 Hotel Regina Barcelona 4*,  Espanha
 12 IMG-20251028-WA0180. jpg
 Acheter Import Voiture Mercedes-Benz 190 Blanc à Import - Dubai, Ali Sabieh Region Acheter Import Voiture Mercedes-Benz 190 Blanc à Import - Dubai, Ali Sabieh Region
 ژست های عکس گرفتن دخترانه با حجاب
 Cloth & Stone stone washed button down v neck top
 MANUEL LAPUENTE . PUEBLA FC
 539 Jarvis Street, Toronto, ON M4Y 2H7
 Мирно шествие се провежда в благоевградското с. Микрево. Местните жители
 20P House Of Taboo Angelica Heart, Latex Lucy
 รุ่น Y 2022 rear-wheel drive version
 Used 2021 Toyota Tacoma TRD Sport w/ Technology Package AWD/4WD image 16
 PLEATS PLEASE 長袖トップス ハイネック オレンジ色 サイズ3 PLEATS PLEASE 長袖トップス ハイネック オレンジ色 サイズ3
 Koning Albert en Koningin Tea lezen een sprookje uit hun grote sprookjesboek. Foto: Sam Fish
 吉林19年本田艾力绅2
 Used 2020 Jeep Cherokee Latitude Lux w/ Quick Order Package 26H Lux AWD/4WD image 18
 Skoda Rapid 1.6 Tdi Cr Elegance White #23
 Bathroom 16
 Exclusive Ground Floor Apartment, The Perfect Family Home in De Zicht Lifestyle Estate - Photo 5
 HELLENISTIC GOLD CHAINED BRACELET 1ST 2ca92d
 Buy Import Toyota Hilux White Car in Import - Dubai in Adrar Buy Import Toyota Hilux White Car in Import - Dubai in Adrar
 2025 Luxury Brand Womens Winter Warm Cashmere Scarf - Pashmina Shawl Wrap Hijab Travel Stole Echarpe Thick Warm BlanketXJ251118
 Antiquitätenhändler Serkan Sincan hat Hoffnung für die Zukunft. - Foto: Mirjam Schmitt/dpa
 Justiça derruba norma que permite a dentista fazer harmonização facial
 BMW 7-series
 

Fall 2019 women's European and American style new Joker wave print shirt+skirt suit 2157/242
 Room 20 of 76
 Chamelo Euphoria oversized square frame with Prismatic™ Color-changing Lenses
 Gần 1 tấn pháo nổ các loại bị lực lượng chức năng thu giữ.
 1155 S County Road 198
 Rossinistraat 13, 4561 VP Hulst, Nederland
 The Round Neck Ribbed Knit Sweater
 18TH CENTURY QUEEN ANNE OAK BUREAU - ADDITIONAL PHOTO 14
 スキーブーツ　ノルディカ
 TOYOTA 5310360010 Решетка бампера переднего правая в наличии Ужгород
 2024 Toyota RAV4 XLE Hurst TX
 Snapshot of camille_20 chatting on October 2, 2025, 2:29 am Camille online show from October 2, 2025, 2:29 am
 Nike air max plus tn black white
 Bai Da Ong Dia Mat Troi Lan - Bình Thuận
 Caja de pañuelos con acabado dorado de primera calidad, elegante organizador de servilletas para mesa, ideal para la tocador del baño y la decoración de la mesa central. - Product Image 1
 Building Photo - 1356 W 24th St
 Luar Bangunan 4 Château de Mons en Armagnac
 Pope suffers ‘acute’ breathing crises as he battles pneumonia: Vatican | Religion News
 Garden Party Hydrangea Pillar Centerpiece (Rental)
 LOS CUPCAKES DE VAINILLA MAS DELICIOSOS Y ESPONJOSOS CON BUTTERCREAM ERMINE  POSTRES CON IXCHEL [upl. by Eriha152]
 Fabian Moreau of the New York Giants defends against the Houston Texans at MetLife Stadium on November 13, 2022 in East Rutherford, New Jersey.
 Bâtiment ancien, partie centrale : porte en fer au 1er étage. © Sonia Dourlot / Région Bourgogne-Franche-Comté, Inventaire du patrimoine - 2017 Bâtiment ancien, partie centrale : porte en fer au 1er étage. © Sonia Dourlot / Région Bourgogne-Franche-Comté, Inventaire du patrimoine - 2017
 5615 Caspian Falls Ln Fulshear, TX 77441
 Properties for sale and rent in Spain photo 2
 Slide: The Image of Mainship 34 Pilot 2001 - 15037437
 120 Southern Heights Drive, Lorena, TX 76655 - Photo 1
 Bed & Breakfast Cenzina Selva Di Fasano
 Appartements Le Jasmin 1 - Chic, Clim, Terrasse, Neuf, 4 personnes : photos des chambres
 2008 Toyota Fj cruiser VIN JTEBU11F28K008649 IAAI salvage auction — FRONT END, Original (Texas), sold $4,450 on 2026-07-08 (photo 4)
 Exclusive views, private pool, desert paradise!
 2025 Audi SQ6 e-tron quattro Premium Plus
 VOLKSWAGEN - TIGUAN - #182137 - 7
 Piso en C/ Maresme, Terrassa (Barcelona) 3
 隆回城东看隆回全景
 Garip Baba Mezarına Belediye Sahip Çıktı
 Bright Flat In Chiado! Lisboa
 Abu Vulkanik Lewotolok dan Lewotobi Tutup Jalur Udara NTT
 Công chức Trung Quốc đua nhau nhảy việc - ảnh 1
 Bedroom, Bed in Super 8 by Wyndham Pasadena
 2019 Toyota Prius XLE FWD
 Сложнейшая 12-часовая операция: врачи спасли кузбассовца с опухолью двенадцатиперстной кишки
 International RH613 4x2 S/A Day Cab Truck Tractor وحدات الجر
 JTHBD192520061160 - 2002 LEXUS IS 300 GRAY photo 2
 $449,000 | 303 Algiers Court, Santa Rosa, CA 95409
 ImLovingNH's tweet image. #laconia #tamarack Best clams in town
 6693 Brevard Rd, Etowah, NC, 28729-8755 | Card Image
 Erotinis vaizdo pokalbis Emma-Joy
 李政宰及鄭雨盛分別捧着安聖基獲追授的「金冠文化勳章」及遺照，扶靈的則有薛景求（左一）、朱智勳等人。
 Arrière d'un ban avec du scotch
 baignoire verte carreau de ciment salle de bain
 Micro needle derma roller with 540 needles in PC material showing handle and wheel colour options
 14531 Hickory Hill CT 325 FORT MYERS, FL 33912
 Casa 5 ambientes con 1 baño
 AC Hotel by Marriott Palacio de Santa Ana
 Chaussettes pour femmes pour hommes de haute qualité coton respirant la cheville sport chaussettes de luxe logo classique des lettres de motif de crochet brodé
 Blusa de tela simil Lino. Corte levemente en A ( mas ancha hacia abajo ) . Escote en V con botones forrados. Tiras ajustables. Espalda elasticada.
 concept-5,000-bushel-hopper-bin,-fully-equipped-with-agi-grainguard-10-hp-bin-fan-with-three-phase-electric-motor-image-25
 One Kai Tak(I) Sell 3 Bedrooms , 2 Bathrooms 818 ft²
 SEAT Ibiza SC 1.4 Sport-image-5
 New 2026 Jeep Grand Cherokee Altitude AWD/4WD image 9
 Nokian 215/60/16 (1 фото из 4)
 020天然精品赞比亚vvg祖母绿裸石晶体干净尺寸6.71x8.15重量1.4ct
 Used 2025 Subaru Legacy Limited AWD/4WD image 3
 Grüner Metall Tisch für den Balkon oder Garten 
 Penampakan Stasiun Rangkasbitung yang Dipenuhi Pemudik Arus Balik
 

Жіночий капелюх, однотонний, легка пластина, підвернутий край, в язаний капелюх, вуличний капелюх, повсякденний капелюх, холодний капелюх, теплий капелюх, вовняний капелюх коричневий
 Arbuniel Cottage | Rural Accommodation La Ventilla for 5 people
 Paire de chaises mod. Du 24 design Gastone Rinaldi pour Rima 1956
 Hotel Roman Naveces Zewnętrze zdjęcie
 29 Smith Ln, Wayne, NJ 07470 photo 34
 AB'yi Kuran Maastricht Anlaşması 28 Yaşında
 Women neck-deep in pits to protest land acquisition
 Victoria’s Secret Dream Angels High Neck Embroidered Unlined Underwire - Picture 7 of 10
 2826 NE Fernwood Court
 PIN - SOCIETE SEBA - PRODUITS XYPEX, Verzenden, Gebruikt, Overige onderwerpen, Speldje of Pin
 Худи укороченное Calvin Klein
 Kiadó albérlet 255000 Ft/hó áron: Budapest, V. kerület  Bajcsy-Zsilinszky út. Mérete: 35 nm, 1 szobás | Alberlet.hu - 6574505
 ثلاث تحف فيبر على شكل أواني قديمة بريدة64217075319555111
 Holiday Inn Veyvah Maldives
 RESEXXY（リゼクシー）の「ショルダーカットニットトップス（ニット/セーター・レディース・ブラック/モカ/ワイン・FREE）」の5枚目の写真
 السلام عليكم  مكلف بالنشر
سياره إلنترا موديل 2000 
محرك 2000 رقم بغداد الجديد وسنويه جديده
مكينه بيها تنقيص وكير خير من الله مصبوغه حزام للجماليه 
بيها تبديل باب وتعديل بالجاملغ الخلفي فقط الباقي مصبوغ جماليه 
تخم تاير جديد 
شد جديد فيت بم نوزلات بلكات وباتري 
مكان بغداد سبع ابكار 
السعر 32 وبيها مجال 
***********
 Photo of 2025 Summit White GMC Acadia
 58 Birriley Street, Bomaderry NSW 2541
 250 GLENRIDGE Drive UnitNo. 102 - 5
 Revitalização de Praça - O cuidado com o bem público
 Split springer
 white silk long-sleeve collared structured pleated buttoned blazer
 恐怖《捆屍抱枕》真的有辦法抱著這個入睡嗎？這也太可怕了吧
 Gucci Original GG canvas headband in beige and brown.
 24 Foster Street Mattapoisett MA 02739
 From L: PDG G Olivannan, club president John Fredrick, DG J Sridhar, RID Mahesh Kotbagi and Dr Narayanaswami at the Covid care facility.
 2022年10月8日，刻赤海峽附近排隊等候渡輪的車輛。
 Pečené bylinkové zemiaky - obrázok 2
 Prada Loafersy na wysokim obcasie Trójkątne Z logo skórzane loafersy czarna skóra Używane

■ ■ ■ ■ ■

- **What is expected**
Which lines above contain the word "baño"? List them.

- **Answer for this exercise**
 Caja de pañuelos con acabado dorado de primera calidad, elegante organizador de servilletas para mesa, ideal para la tocador del baño y la decoración de la mesa central. - Product Image 1
 Casa 5 ambientes con 1 baño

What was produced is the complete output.